• _Source material_:
----

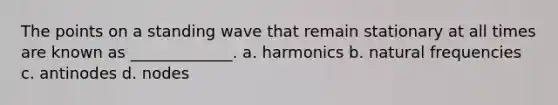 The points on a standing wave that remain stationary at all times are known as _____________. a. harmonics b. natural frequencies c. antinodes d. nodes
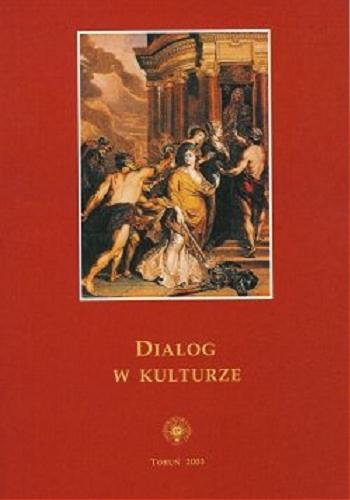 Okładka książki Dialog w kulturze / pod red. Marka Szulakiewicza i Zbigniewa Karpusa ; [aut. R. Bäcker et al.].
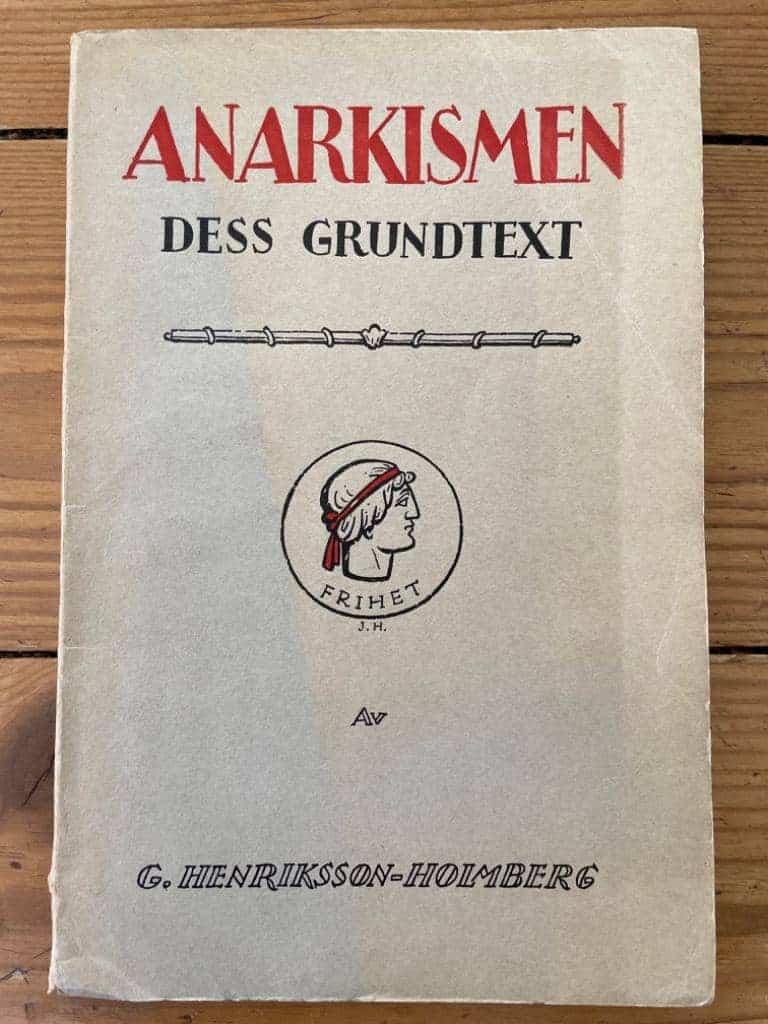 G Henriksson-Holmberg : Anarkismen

----

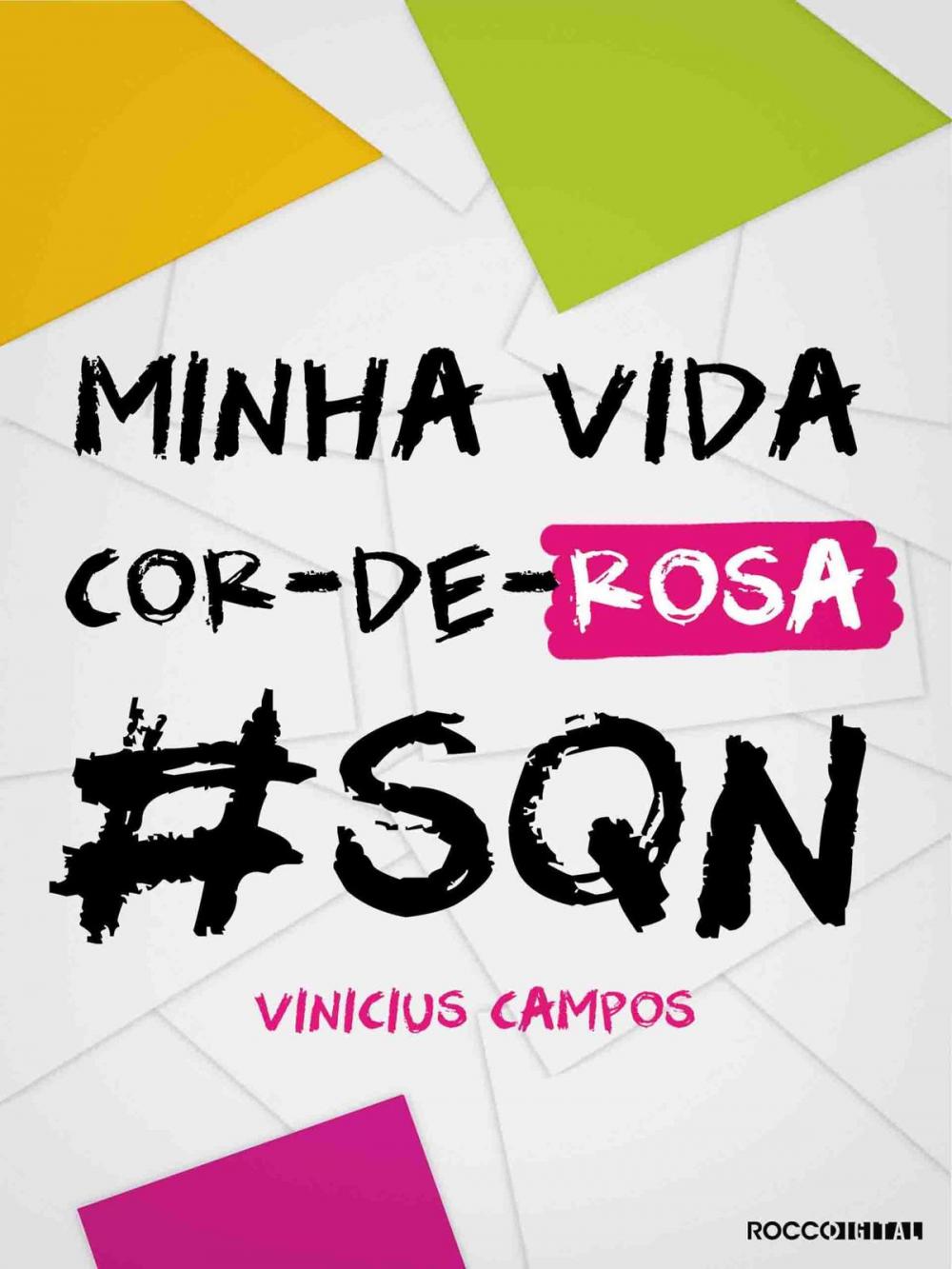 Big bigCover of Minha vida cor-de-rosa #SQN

----

• _Task prompt_:
Given the listing above, repeat exactly the lines starting at the one with "Okładka książki Dialog" and ending at the one with "G Henriksson-Holmberg : Anarkismen", inclusive, excluding pictures.

• _Exercise answer_:
 Okładka książki Dialog w kulturze / pod red. Marka Szulakiewicza i Zbigniewa Karpusa ; [aut. R. Bäcker et al.].
 G Henriksson-Holmberg : Anarkismen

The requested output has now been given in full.